§ **Assignment**
When you retype the data, keep every word exactly and include none of the pictures.

** Opening Records supplied block **

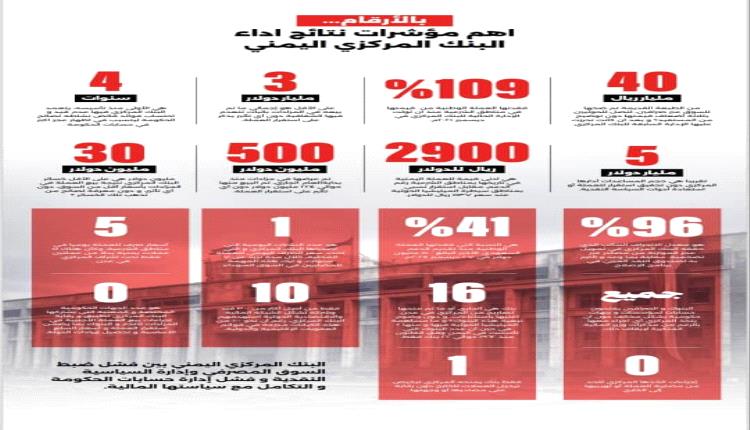 كارثة مصرفية بلا حسيب.. أرقام صادمة تكشف انهيار إدارة البنك المركزي اليمني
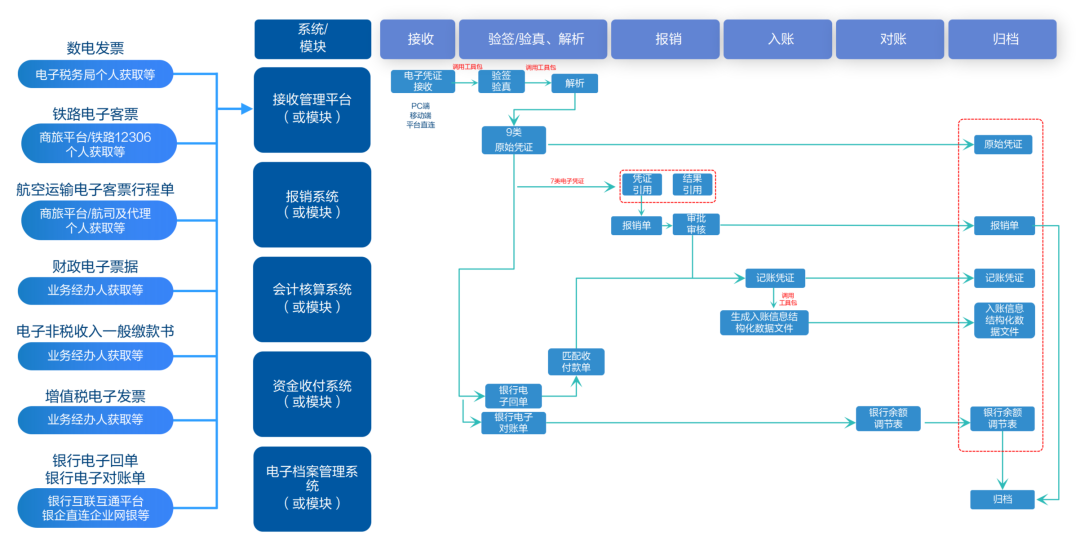jiuyou.com电子凭证一站式管理方案，驱动企业全流程无纸化变革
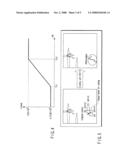 MOVING PICTURE CODING APPARATUS AND METHOD diagram and image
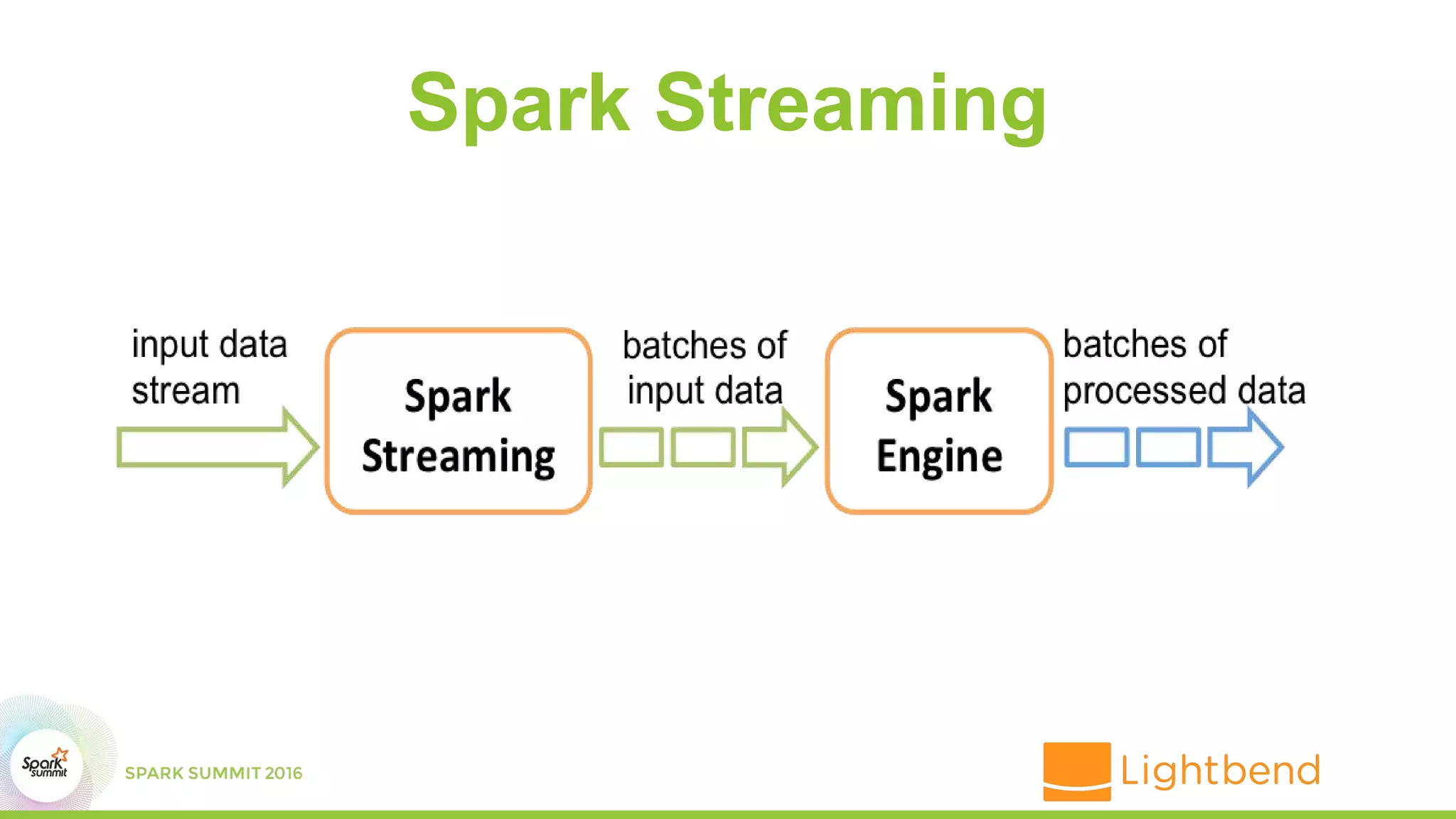 Spark Streaming
 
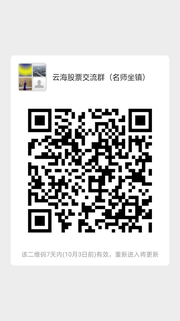 股票交流群群头像,群二维码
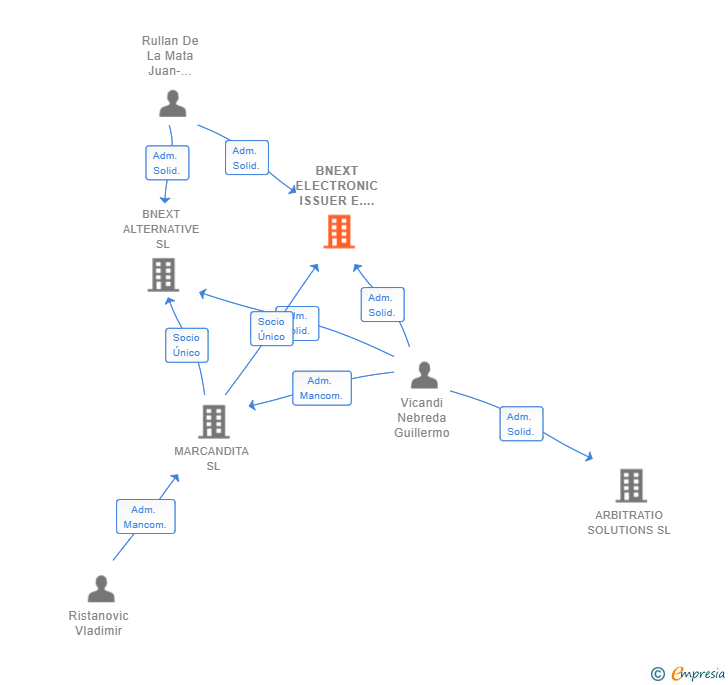 Vinculaciones societarias de BNEXT ELECTRONIC ISSUER E.D.E. SL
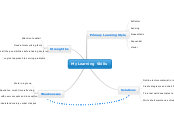 ELD Mind Map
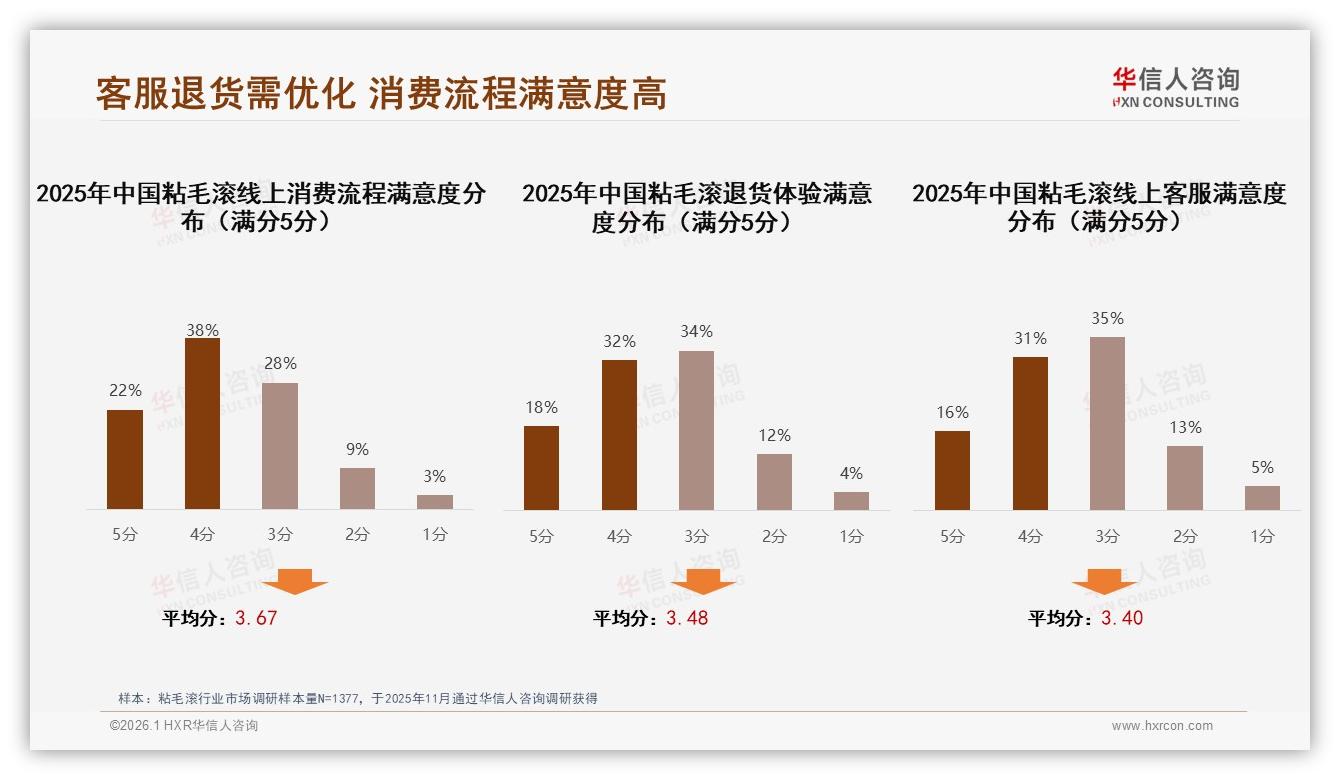 10~20元价格带39%占比主导，粘毛滚中端盈利模型揭秘——华信人咨询趋势雷达报告-2026年1月-粘毛滚-38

** Closing Records supplied block **

§ **Answer to the exercise**
 كارثة مصرفية بلا حسيب.. أرقام صادمة تكشف انهيار إدارة البنك المركزي اليمني
jiuyou.com电子凭证一站式管理方案，驱动企业全流程无纸化变革
 MOVING PICTURE CODING APPARATUS AND METHOD diagram and image
 Spark Streaming
 
 股票交流群群头像,群二维码
 Vinculaciones societarias de BNEXT ELECTRONIC ISSUER E.D.E. SL
 ELD Mind Map
 10~20元价格带39%占比主导，粘毛滚中端盈利模型揭秘——华信人咨询趋势雷达报告-2026年1月-粘毛滚-38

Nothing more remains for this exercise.